Avatar Smoke and ShadowInformation

Goodreads:  Smoke and Shadow
Series: Smoke and Shadow (3 volumes)
Source: Library
Published: 2015

Summary

Although it has been awhile since Zuko took control of the Fire Nation, he continues to face opposition from citizens still loyal to Ozai.  Then mysterious dark spirits demand Zuko’s death.  The price if the people fail to remove him: their children will disappear.  Zuko and Aang must address this new threat fast, before everything they worked to build crumbles.

Review

Avatar Smoke and Shadow

Disclaimer: I checked out all three volumes of the story from the library and read them at once, so my review is focused on discussing the overall story, rather than evaluating each volume for pacing and such individually.

Smoke and Fire is the fourth graphic novel trilogy set after the events of the Avatar TV series.  It drops readers into the heart of the Fire Nation, revealing some of the nation’s history while showcasing the threats Zuko continues to face as the new Fire Lord.  Like any Avatar story, however, the focus here is often on family and friendship, not just an action-packed plot.
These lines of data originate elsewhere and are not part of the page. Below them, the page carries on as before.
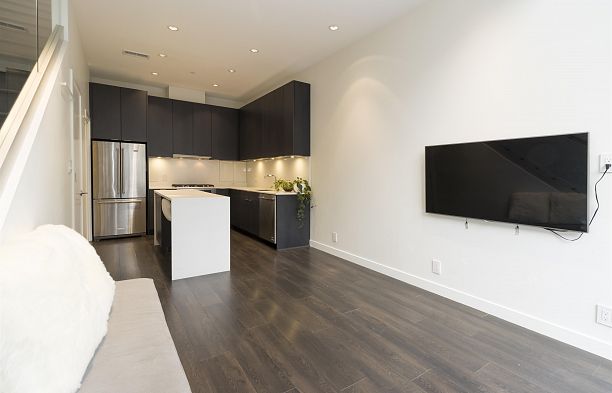 131 E 1ST AVENUE, Vancouver BC V6A 0E8 Mount Pleasant VE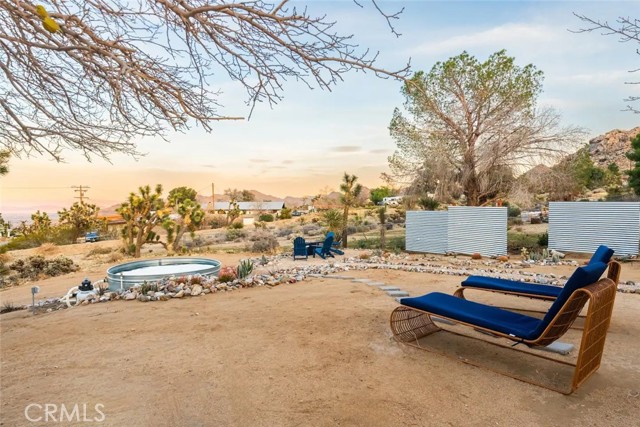 Detail Gallery Image 25 of 25 For 7837 Sunny Vista Rd, Joshua Tree,  CA 92252 - 3 Beds | 2 Baths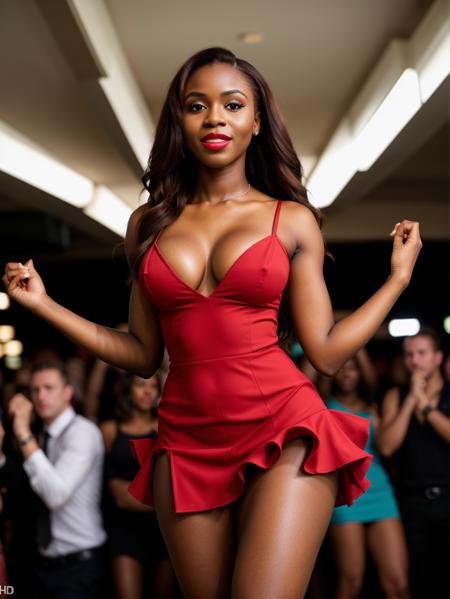 Abena MXAI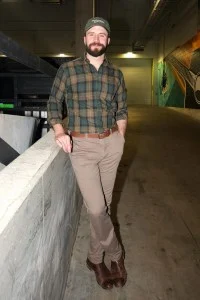 Sam Hunt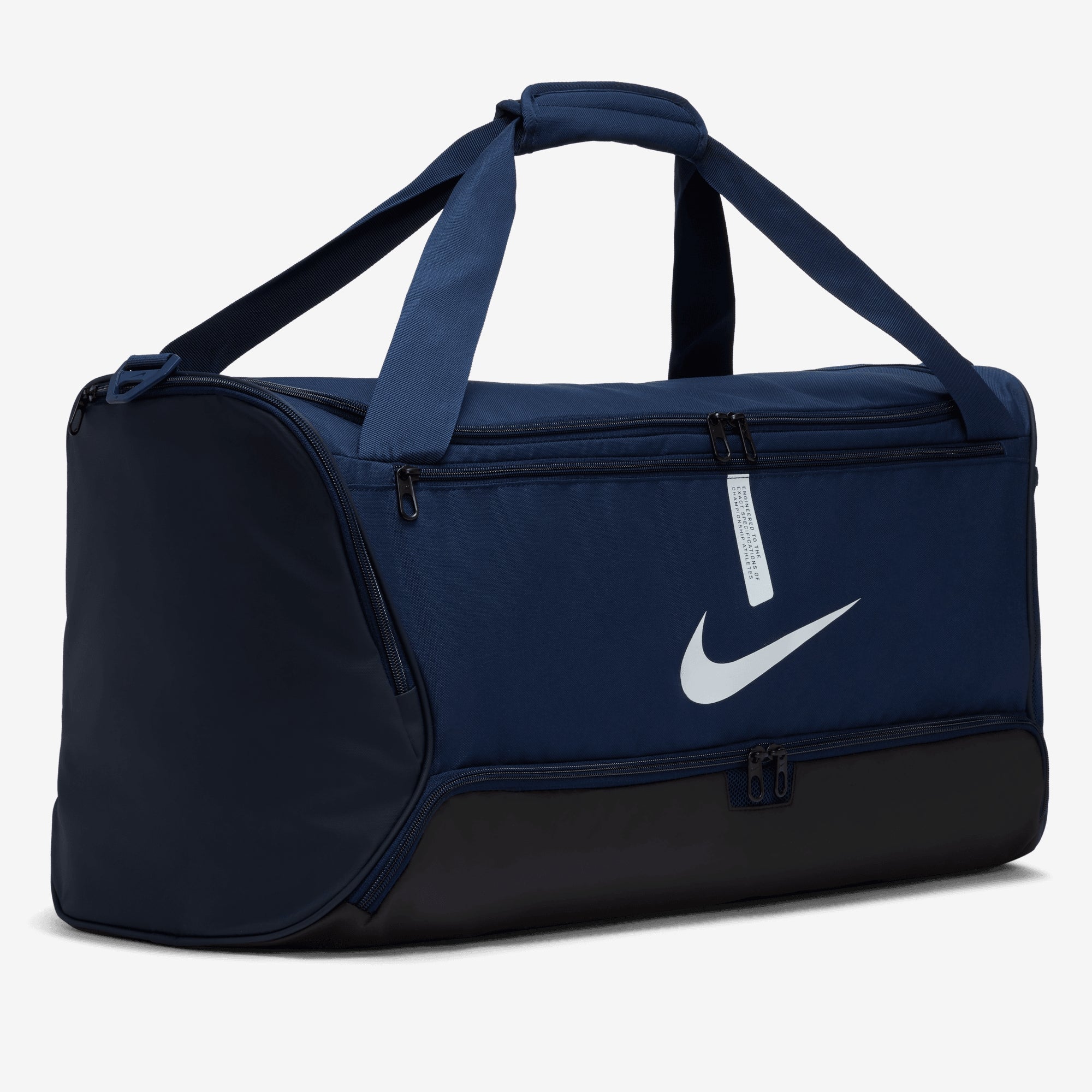 Nike Academy Team Soccer Jersey - Men's Dri-FIT Performance Shirt for Training & Matches | Breathable & Lightweight for Comfortable Play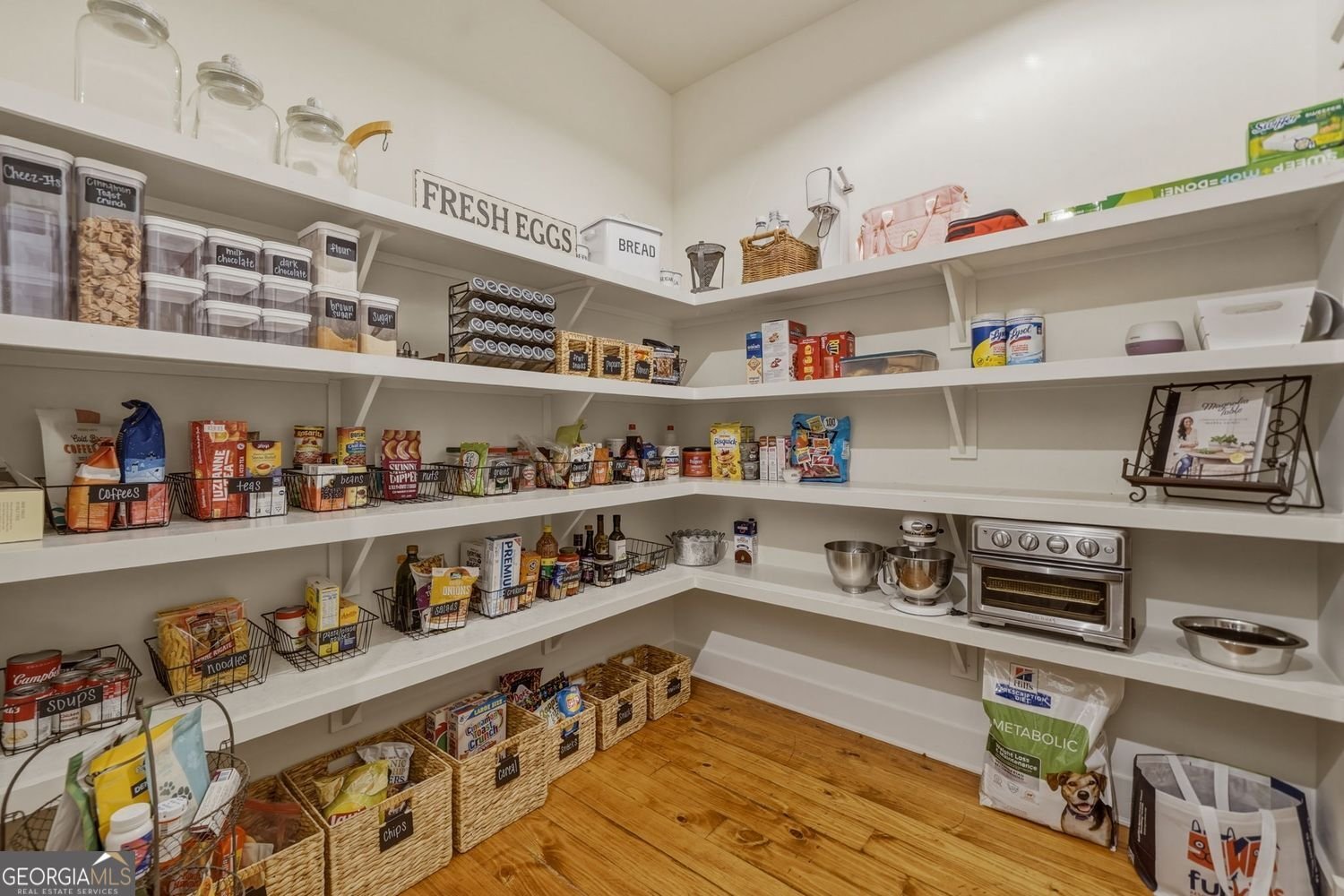 602 Trotter Way Canton - Photo 34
While fans might be skeptical that the graphic novels would have the heart of the show, their fears will be unfounded.  One only has to read the characters’ dialogue with their voices and personality quirks from the animated series, and the books immediately come alive.  Katara and Sokka make only a brief appearance in this series (though I’m okay with that, considering how mushy Katara and Aang can be together), but just about every other fan favorite character will be back. Iroh particularly is the start of this installment, in my opinion.
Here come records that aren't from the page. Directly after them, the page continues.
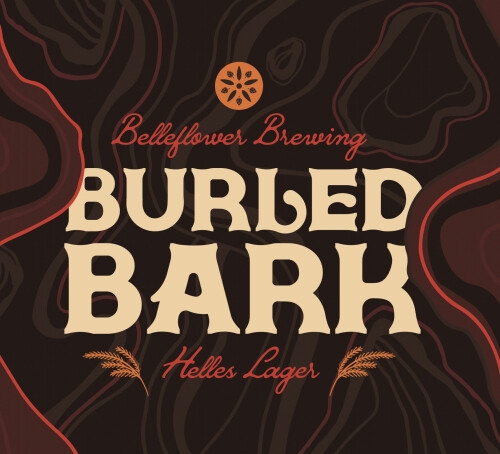 Belleflower Brewing Company Burled Bark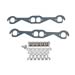 Summit Racing 05-0093 - Summit Racing® Exhaust Gasket and Bolts Pro Packs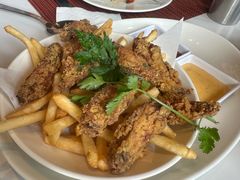 -WOLFGANG PUCK KITCHEN & BAR(迪士尼小镇店)
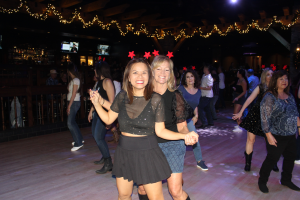 Ranch Saloon photo taken on Thursday December 11, 2025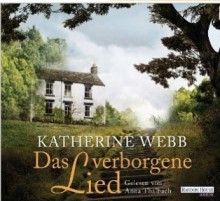 Das verborgene Lied - Katherine Webb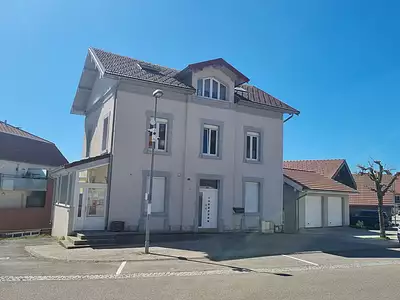 Maison, 117 m²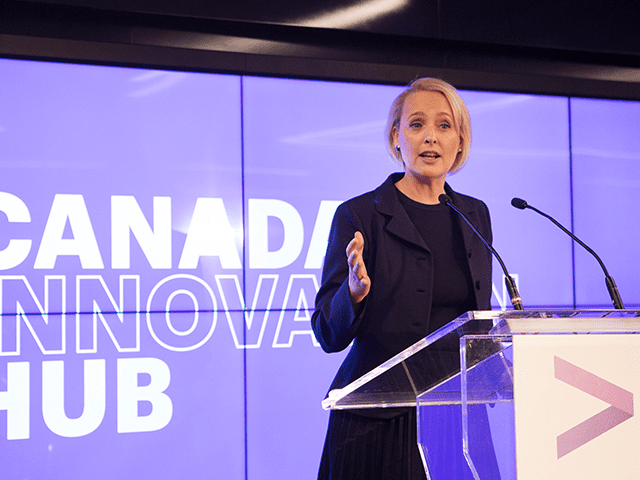 Be the disruptor and not the disrupted: How Accenture’s Canada Innovation Hub is helping to transform the country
Though the graphic novels sometimes seem to rely too heavily on creating conflict between Aang’s and Zuko’s ruling styles, the plot in Smoke and Shadow seems believable to me in a way the plot of The Promise did not.  It’s quite reasonable that Zuko would face opposition from citizens who were loyal to Ozai or who simply are resistant to change and feel things must have been better for the Fire Nation before.  The conflict here is real, and this time the reasons Zuko and Aang disagree with how to deal with it also seem plausible, rather than a cheap attempt by the writers to create some drama.
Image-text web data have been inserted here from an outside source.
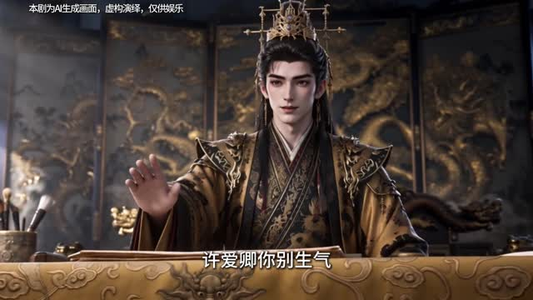 红妆错:抢个新娘来当后娘(401-629集) 红妆错:抢个新娘来当后娘(401-629集)短剧全集完整版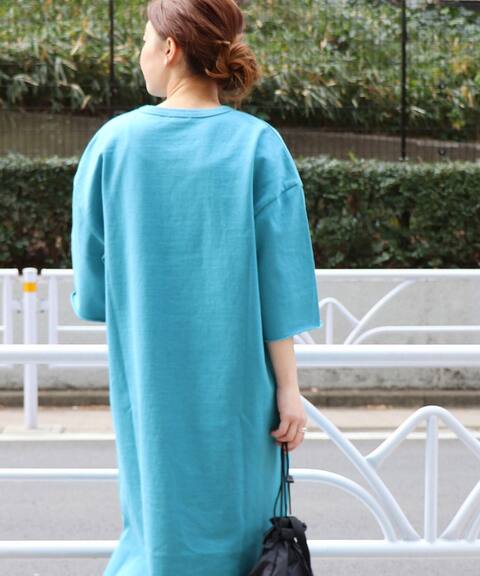 ヘビージャージーワンピース Journal Standard ジャーナルスタンダード 公式のファッション通販 Baycrew S Store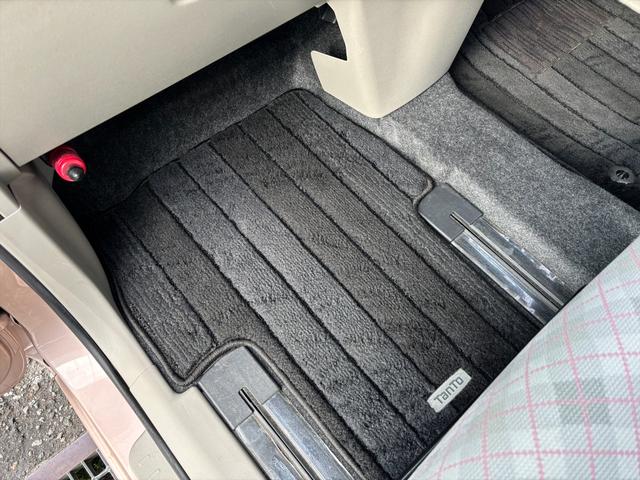 タント Ｘリミテッド４ＷＤ　スマートアシスト　レーンキープ　ナビＴＶ　４ＷＤ　スマートアシスト　レーンキープ　両側パワースライドドア　純正メモリーナビ　Ｂｌｕｅｔｏｏｔｈ　全方位モニター　ＤＶＤ再生　ＥＴＣ　ドライブレコーダー　オートハイビーム　シートヒーター　試乗ＯＫ（18枚目）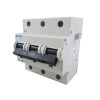 DISYUNTOR DIN 3X 100 A 20 KA EATON DISYUNTOR DIN 3X 100 A 20 KA EATON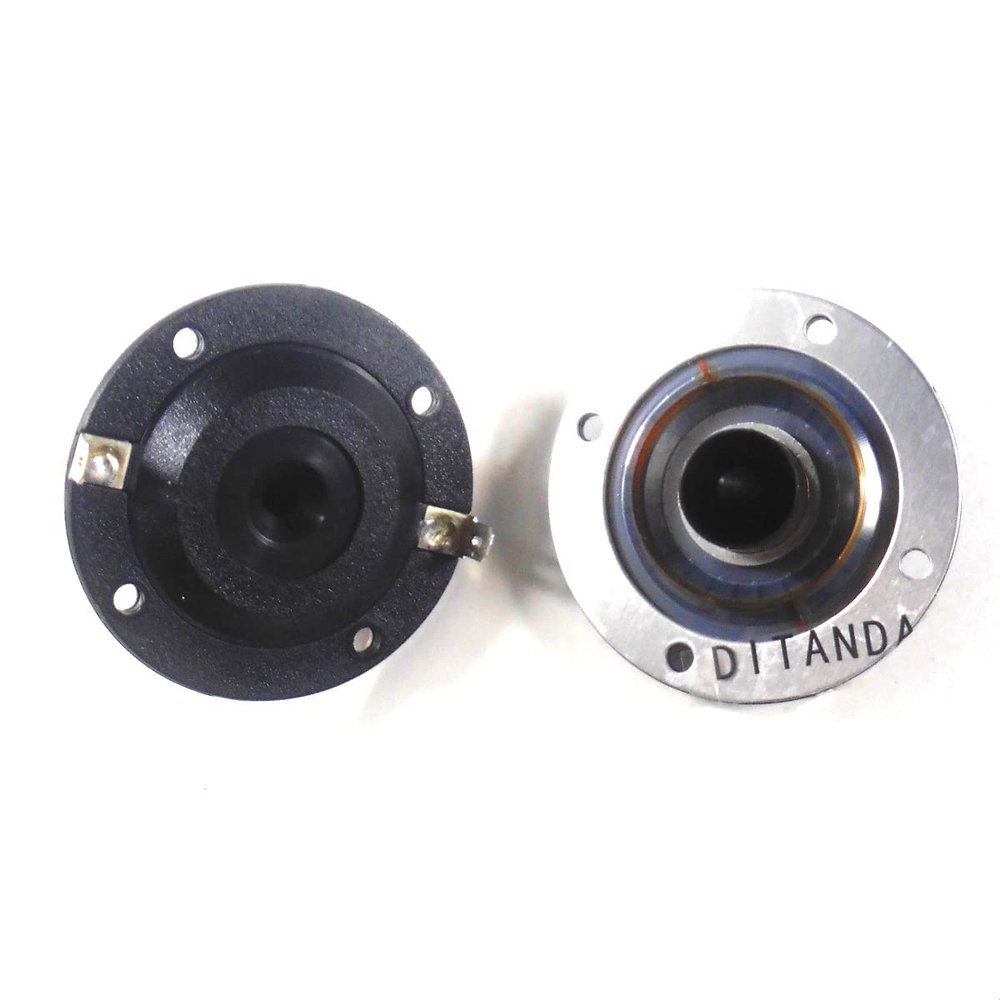 2PCS /LOT Diaphragm for BMS-4538;Yorkville NX750P;Elite E12,E15,E210B Drivers US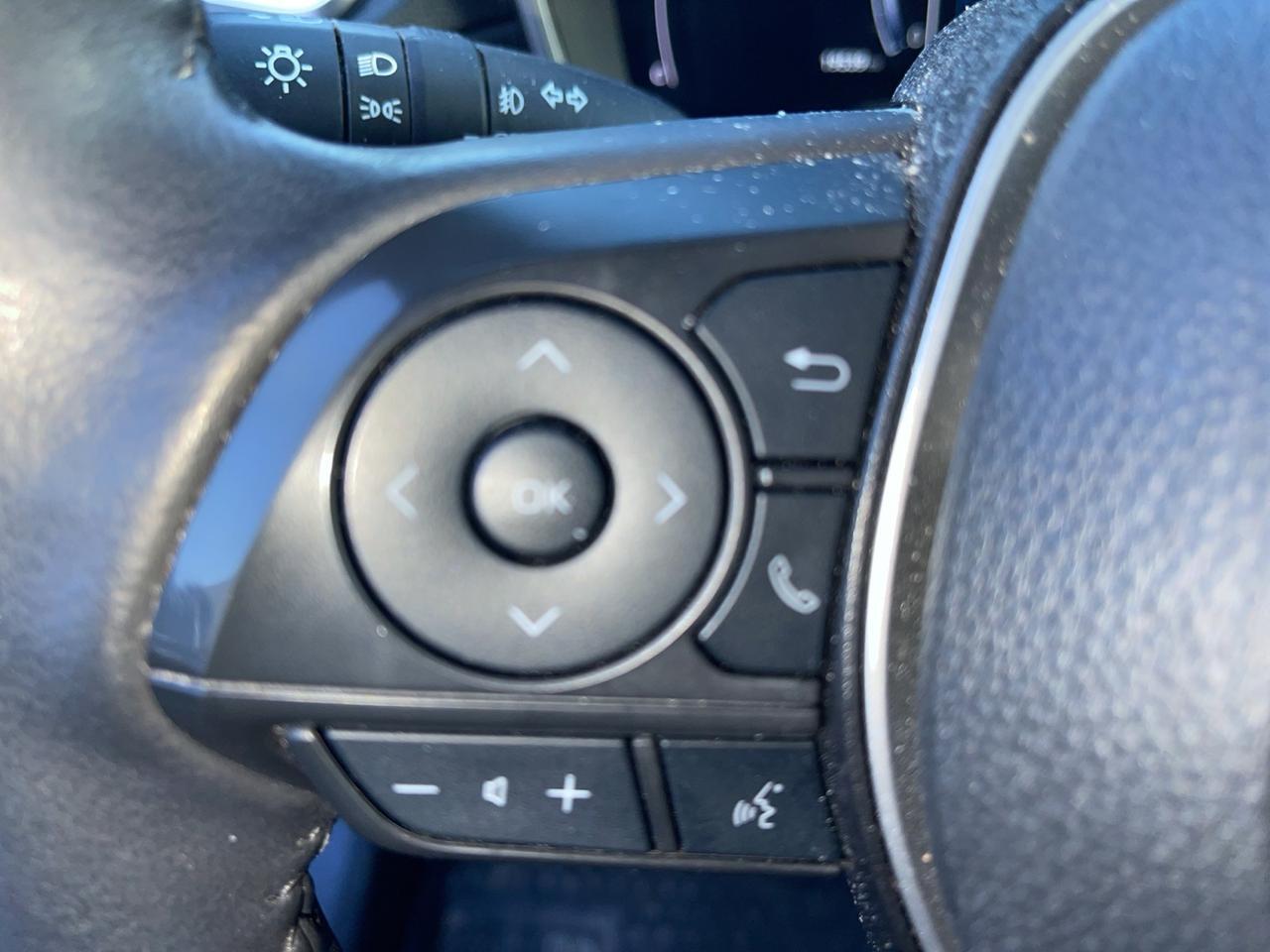 2024 Toyota Corolla Cross XLE Stafford VA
I enjoyed learning more about Fire Nation history and seeing some of my favorite characters spring into action once again.  These, rather than The Legend of Korra, are the sequels fan of The Last Airbender will want.

Briana

2 thoughts on “Avatar: Smoke and Shadow (Graphic Novel Review)

  1. Sarah says:

    Do you think it would be best to read these graphics after watching (or in my case re-watching) the series? Are they closely linked? I loved the anime, but it’s been quite a few years since I’ve watched it and I definitely need a refresher!

    Like

    • Briana says:

      Good question! I rewatched the show recently myself. However, the graphic novels series are basically a continuation of the show and cover what happens after the war is over. I think as long as you know who the major characters are and have the general gist of the show’s plot, they’d probably be easy to follow.